With that said, all’s not roses and puppies for D&D. We know that Pathfinder has been outselling D&D for years, while the latest reports from ICv2 say that FFG’s Star Wars has now passed D&D too. Meanwhile, interest in D&D Next seems extremely mixed. Some people are certainly interested, but a surprising number of fans are very ambivalent about the playtest information and claim they probably won’t be buying the new game.

I’m still fairly certain that D&D will soon be top-dog again — even by mid-2015, after the new-car smell of D&D Next wears off. Of course, I also still think there’s a possibility that Wizards will get out of the tabletop RPG business by 2016 or so if D&D Next doesn’t do well enough by Hasbro’s weird yardstick.

The Industry Did … Surprisingly Well. I feel like the RPG industry has had about a decade of badness. The d20 bust caused by 3.5e (2003) and the over-saturation of d20 products ran right into the Great Recession. Meanwhile, D&D 4e (2008) utterly failed to prop up the market and probably even damaged it when Wizards slowed its production, then shut it down entirely in 2011-2012.

However in 2013, things have looked … brighter. Specifically, a lot of different publishers seem to be succeeding with a lot of different sorts of games. Pathfinder and Mutants & Masterminds show that post-d20 games can still do well; Dungeon World and Fate Core demonstrate how mass-market the indie community has gotten; FFG’s Star Wars reveals the continued power of licensed games; Shadowrun and Exalted demonstrate the power of older games; and Eclipse Phase shows that new companies can be successful too.

I think a lot of the other trends of 2013 are contributing to this new success, including great Kickstarters, new sales methods, new publication methods, new sources of RPGs, and (maybe) even new licensing.

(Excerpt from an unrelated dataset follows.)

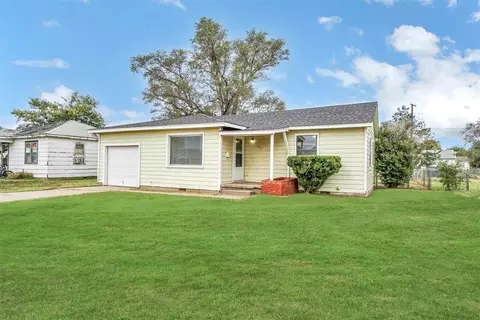 1109 Chestnut St, Altus, OK 73521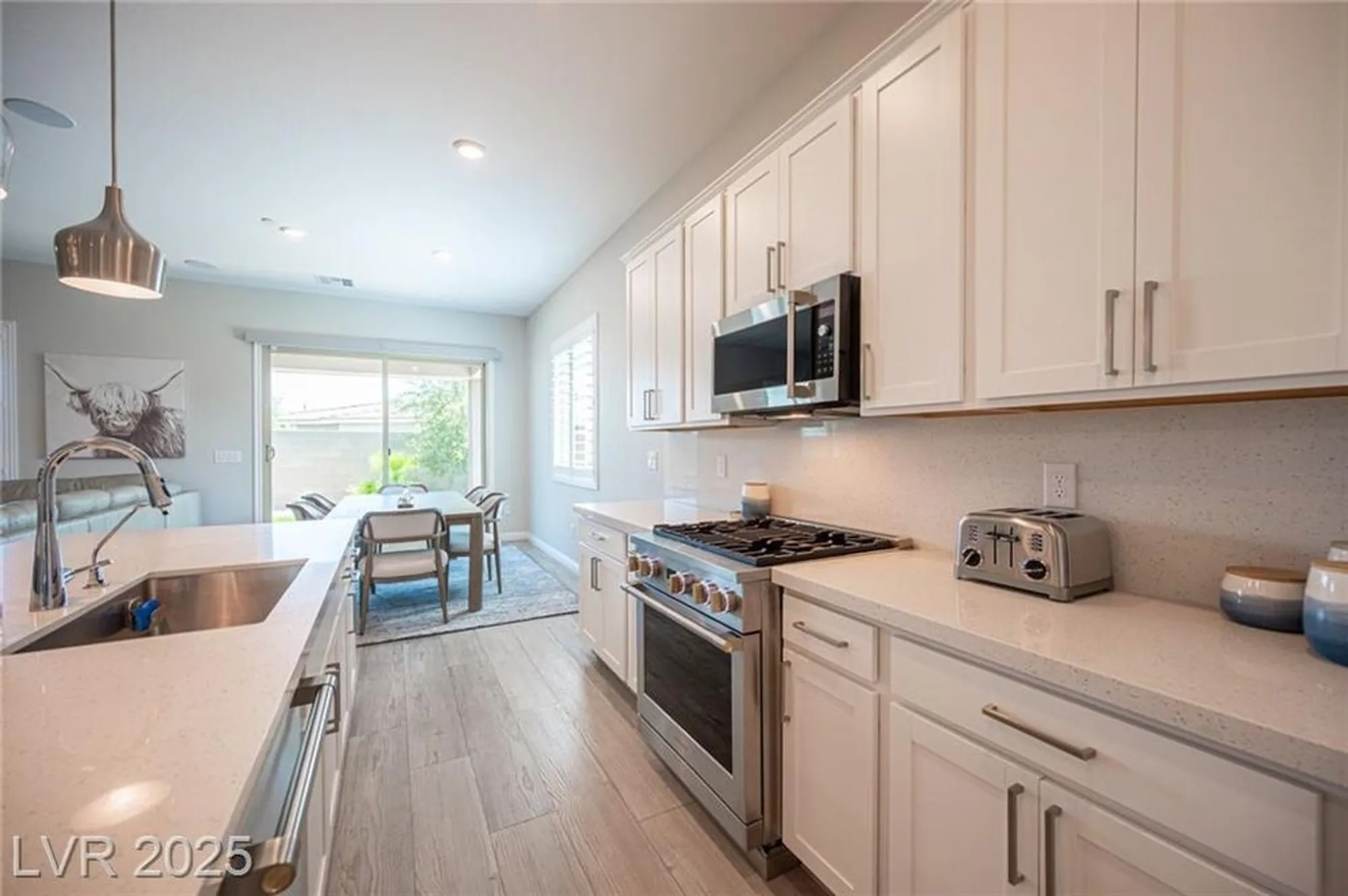 Property Slideshow image 17 of 92 | 936 mayfield manor ln, Las Vegas, NV, 89138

Kickstarter Kicks It! (Mostly.) Top Kickstarters for the year included Onyx Path’s Deluxe Exalted 3e ($684,755; 4,368 backers), Chaosium’s Call of Cthulhu 7e ($561,836; 3,668 backers), Evil Hat’s Fate Core ($433,365; 10,103 backers), Monte Cook Games’ The Strange ($418,478; 2,883 backers); Modiphius’ Achtung! Cthulhu (£177,557; 1,972 backers), Onyx Path’s Demon: The Descent ($150,235; 2,076 backers), Cubicle 7’s Cthulhu Britannica: London (£90,412, 753 backers), Agate Editions’ Shadows of Esteren: Travels ($137,024; 951 backers); Kobold Press’ Deep Magic ($126,031; 1,927 backers); Flying Buffalo’s Deluxe Tunnels & Trolls ($125,440; 1,638 backers); Frog God Games’ Razor Coast ($123,366; 709 backers); Posthuman’s Transhuman ($117,965; 1,898 backers); Onyx Path’s Changing Breeds ($114,155; 1,405 backers); Chronicle City’s Space: 1889 (£72,379; 1,025 backers); Onyx Path’s Mummy: The Curse ($104,831; 1,767 backers); and Frog God Games’ The Lost Lands ($104,116; 526 backers).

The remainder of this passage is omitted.